2. If there are two middle nodes in the list, delete the first one.
Follow up :
Try to solve this problem in O(N) time complexity and O(1) space complexity.
Can you solve it in only one traversal of the Linked List?
Input format :
The first line of input contains an integer 'T' representing the number of test cases or queries to run. Then the test case follows.
The only line of each test case contains the elements of the singly linked list separated by a single space and terminated by -1. Hence, -1 would never be a list element.
Output format :
For each test case, print the resultant linked list after performing the required operation denoted as the elements separated by a single space and terminated by -1.
Print output of each test case in a separate line.
Note :
You are not required to print the output, it has already been taken care of.
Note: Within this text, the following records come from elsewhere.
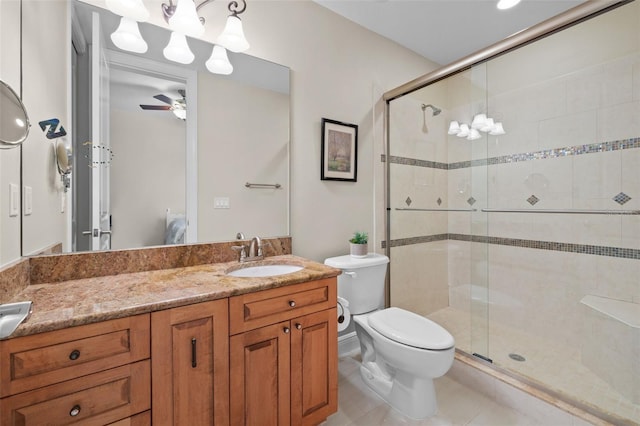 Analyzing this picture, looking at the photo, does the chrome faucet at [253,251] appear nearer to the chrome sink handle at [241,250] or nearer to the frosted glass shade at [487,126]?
the chrome sink handle at [241,250]

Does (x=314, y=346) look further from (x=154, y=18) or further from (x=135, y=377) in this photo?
(x=154, y=18)

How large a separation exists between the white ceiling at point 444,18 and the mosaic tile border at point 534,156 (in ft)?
3.18

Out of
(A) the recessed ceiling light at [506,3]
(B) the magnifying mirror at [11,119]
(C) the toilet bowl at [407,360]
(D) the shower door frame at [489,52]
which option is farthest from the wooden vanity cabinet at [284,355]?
(A) the recessed ceiling light at [506,3]

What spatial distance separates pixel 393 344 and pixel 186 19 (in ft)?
6.52

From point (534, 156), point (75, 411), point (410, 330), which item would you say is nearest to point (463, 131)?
point (534, 156)

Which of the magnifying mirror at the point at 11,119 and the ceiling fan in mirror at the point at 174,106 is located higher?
the ceiling fan in mirror at the point at 174,106

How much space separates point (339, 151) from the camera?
2100 mm

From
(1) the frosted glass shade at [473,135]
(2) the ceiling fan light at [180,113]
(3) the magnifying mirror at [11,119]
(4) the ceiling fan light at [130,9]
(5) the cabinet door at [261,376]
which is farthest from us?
(1) the frosted glass shade at [473,135]

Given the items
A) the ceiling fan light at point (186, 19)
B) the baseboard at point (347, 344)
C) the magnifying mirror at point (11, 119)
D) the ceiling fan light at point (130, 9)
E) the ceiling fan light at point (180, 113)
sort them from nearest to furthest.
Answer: the magnifying mirror at point (11, 119) → the ceiling fan light at point (130, 9) → the ceiling fan light at point (186, 19) → the ceiling fan light at point (180, 113) → the baseboard at point (347, 344)

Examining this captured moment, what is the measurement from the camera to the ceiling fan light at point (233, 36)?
1.50 metres

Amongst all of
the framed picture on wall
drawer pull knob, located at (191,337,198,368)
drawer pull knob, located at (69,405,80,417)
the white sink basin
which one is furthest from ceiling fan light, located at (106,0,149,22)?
drawer pull knob, located at (69,405,80,417)

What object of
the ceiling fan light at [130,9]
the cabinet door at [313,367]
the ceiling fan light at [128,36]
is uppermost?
the ceiling fan light at [130,9]

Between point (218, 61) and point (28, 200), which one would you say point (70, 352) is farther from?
point (218, 61)

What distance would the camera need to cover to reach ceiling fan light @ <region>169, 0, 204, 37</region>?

Just implement the function.
Constraints :
1 <= T <= 100
0 <= L <= 5000
1 <= data <= 10^9 and data != -1
Where 'L' is the number of nodes in the Linked List.
Time Limit: 1 sec
The idea is simple and naive. We will first count the total number of nodes in the linked list (say ‘N’). Now, we know that the ceil('N' / 2)th node is our middle node of the linked list.
So, now we will follow the traditional algorithm for deleting a node from the linked list. We will traverse till the previous node of the node which is going to be deleted, and point the next pointer of the previous node to the next node of the middle node. Also, we will save the pointer to the middle node to deallocate the memory. In simple words:
- 'PREV_NODE' -> next = ‘MIDDLE_NODE’ -> next.
- delete 'MIDDLE_NODE’
The idea here is to use two pointers i.e. ‘SLOW’ and ‘FAST’ and both will traverse in the linked list from beginning to end but at a different pace. The ‘SLOW’ pointer will move normally in the linked list, one step at a time. The other ‘FAST’ pointer will move two steps at a time.
Now, when the ‘FAST’ pointer reaches the end of the list, we know that the ‘SLOW’ pointer is only halfway through because the speed is half for the ‘SLOW’ pointer. Hence, the ‘SLOW’ pointer must be standing at the middle node, so we delete it.
As mentioned earlier, we will be using the traditional method of deleting the node from the list which is to have a pointer to the previous node of the node which is going to be deleted. Also, we will save the pointer to the middle node to deallocate the memory. For that, we can maintain a different pointer ‘PREVIOUS’ which will be used to track the previous node of the ‘SLOW’ pointer. In simple words:
- 'PREVIOUS' -> next = 'SLOW' -> next
- delete 'SLOW'